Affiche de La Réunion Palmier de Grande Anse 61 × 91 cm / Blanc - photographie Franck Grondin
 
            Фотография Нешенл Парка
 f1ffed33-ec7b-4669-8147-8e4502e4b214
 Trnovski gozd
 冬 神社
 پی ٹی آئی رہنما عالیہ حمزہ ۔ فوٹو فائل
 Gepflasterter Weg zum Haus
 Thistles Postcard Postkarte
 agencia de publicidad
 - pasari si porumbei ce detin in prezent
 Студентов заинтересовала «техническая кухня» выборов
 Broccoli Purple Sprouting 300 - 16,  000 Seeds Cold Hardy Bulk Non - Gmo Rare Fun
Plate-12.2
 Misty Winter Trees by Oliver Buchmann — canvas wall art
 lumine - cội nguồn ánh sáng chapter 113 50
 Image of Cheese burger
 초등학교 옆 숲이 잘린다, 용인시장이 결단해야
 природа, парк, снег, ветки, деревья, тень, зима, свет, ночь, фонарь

# # # # # # #

Set down the entire material again, exactly as it stands.

_RESPONSE TO THE EXERCISE_
Affiche de La Réunion Palmier de Grande Anse 61 × 91 cm / Blanc - photographie Franck Grondin
 
            Фотография Нешенл Парка
 f1ffed33-ec7b-4669-8147-8e4502e4b214
 Trnovski gozd
 冬 神社
 پی ٹی آئی رہنما عالیہ حمزہ ۔ فوٹو فائل
 Gepflasterter Weg zum Haus
 Thistles Postcard Postkarte
 agencia de publicidad
 - pasari si porumbei ce detin in prezent
 Студентов заинтересовала «техническая кухня» выборов
 Broccoli Purple Sprouting 300 - 16,  000 Seeds Cold Hardy Bulk Non - Gmo Rare Fun
Plate-12.2
 Misty Winter Trees by Oliver Buchmann — canvas wall art
 lumine - cội nguồn ánh sáng chapter 113 50
 Image of Cheese burger
 초등학교 옆 숲이 잘린다, 용인시장이 결단해야
 природа, парк, снег, ветки, деревья, тень, зима, свет, ночь, фонарь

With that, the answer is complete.